A Voice of Baltimore Feature, an excerpt from
ROOBY TAWR, a novel in progress
set in mid-20th Century Charm City
By Joel Foreman
During the early years of WWII, Reuben Michael winced whenever Deuteronomy Graves reminded him with a self-satisfied laugh that the Ruby Tire Company was “in the money.”
With Bethlehem Steel building Liberty Ships at its Fair- field Yard and B-26 bombers coming off the production line at Glenn L. Martin’s Middle River plant, Baltimore was booming.
Just as Lee Conklin over at Erdman Tire had predicted, “Once the Japs take Malaysia and cut off the rubber supply, boys like you and me who know a thing or two about used tires are gonna make so much goddamn money we won’t know what to do with it.”
The Ruby Tire Company, now in business since 1935, was riding that wave.
But Ruby felt guilty about the $4,000 that had quickly accumulated — with more coming — in his Baltimore Federal S & L account.
It seemed unjust. How could he, his wife Hanna, and their two-year-old Edgar be living so well while so many were suffering? The wounded, the dead, and the dying haunted his imagination.
Although he had served in the military for a year at the end of World War I, he spent his tour of duty at the Great Lakes Naval Training Station, located midway between Chicago and Milwaukee.
Ruby never saw a dead body with half a face or a shattered bone protruding from a thigh. Never saw a gunner bail out of a smoldering tank and shoot himself in the head rather than burn to death.
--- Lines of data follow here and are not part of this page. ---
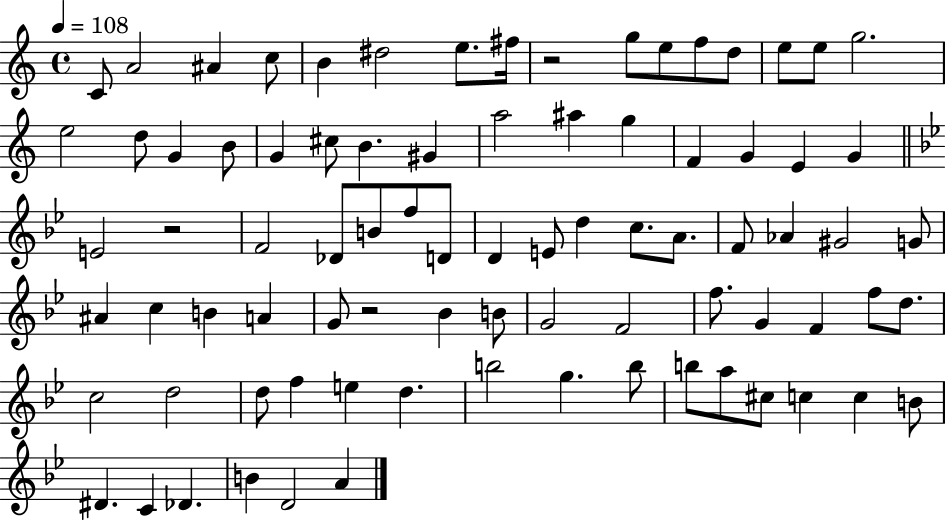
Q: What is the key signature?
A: C major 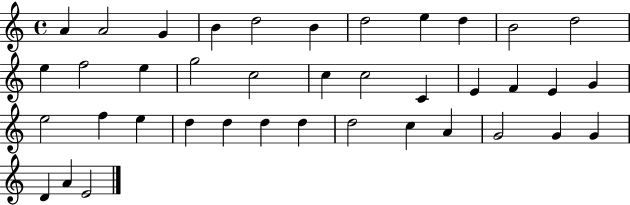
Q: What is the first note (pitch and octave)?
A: A4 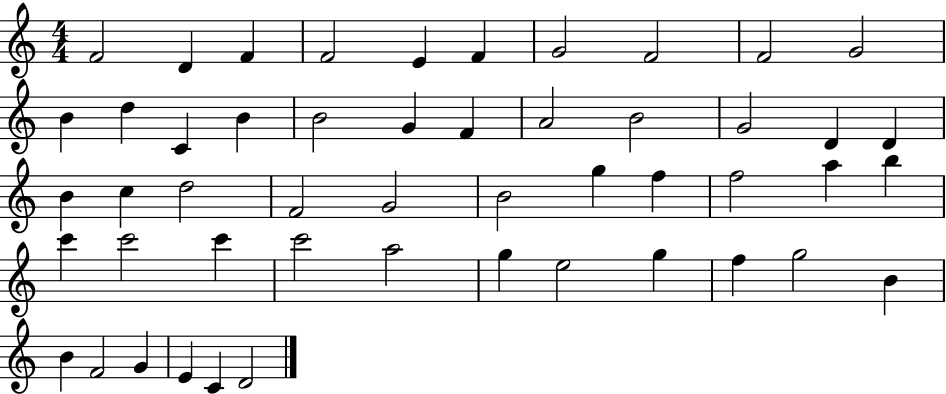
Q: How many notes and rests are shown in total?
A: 50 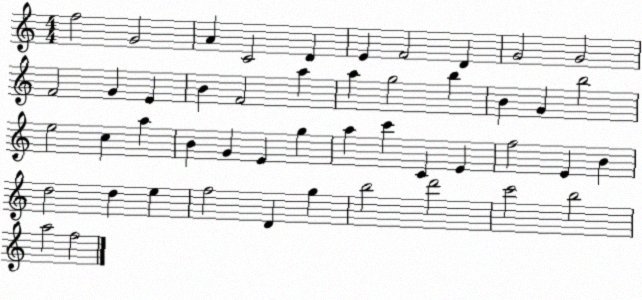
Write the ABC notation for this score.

X:1
T:Untitled
M:4/4
L:1/4
K:C
f2 G2 A C2 D E F2 D G2 G2 F2 G E B F2 a a g2 b B G b2 e2 c a B G E g a c' C E f2 E B d2 d e f2 D g b2 d'2 c'2 b2 a2 f2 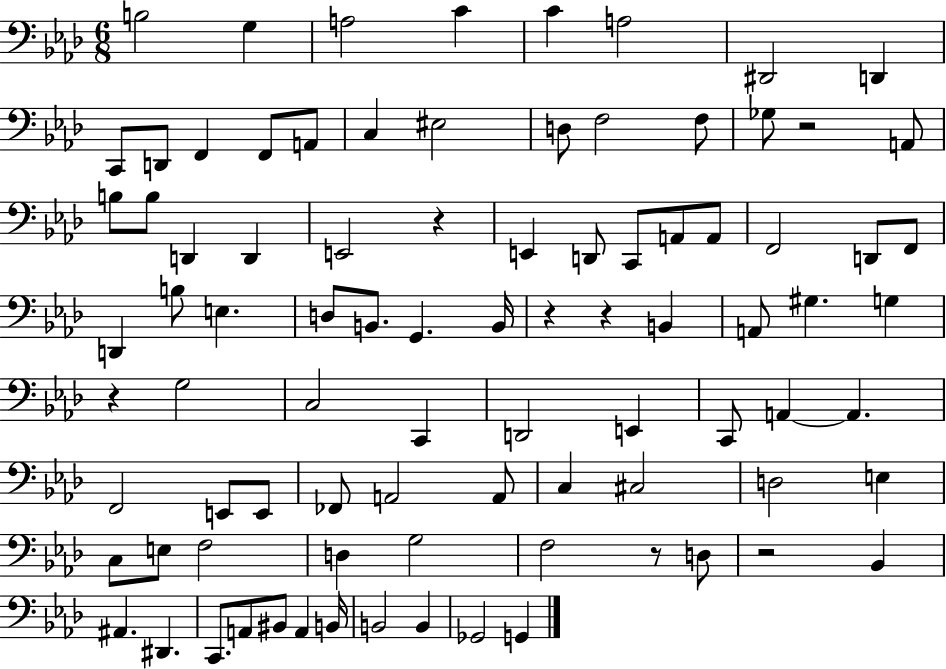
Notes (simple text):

B3/h G3/q A3/h C4/q C4/q A3/h D#2/h D2/q C2/e D2/e F2/q F2/e A2/e C3/q EIS3/h D3/e F3/h F3/e Gb3/e R/h A2/e B3/e B3/e D2/q D2/q E2/h R/q E2/q D2/e C2/e A2/e A2/e F2/h D2/e F2/e D2/q B3/e E3/q. D3/e B2/e. G2/q. B2/s R/q R/q B2/q A2/e G#3/q. G3/q R/q G3/h C3/h C2/q D2/h E2/q C2/e A2/q A2/q. F2/h E2/e E2/e FES2/e A2/h A2/e C3/q C#3/h D3/h E3/q C3/e E3/e F3/h D3/q G3/h F3/h R/e D3/e R/h Bb2/q A#2/q. D#2/q. C2/e. A2/e BIS2/e A2/q B2/s B2/h B2/q Gb2/h G2/q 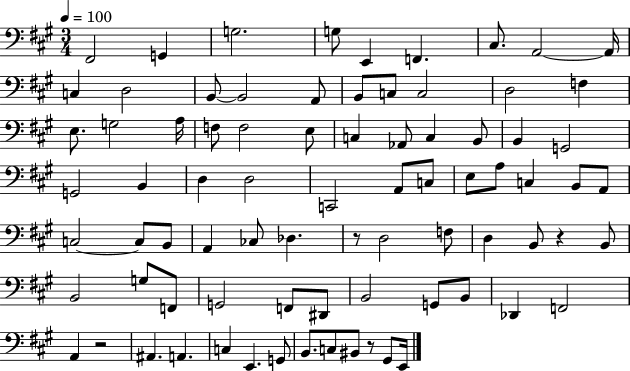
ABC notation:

X:1
T:Untitled
M:3/4
L:1/4
K:A
^F,,2 G,, G,2 G,/2 E,, F,, ^C,/2 A,,2 A,,/4 C, D,2 B,,/2 B,,2 A,,/2 B,,/2 C,/2 C,2 D,2 F, E,/2 G,2 A,/4 F,/2 F,2 E,/2 C, _A,,/2 C, B,,/2 B,, G,,2 G,,2 B,, D, D,2 C,,2 A,,/2 C,/2 E,/2 A,/2 C, B,,/2 A,,/2 C,2 C,/2 B,,/2 A,, _C,/2 _D, z/2 D,2 F,/2 D, B,,/2 z B,,/2 B,,2 G,/2 F,,/2 G,,2 F,,/2 ^D,,/2 B,,2 G,,/2 B,,/2 _D,, F,,2 A,, z2 ^A,, A,, C, E,, G,,/2 B,,/2 C,/2 ^B,,/2 z/2 ^G,,/2 E,,/4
Never crapped in his pants during an artillery bombardment.
Lacking any direct exposure to such horrors, all Ruby’s imagination had to work with were black and white newspaper photographs, newsreels “sanitized” by the Pentagon, and scenes from Hollywood movies. Scenes like the one in “Gone with the Wind” where Scarlett O’Hara stands amidst a bleeding mass of Confederate casualties littering the grounds of the Atlanta railroad depot.
Like Scarlett, Ruby was at a loss about what he could do for the war effort. And he felt guilty about it.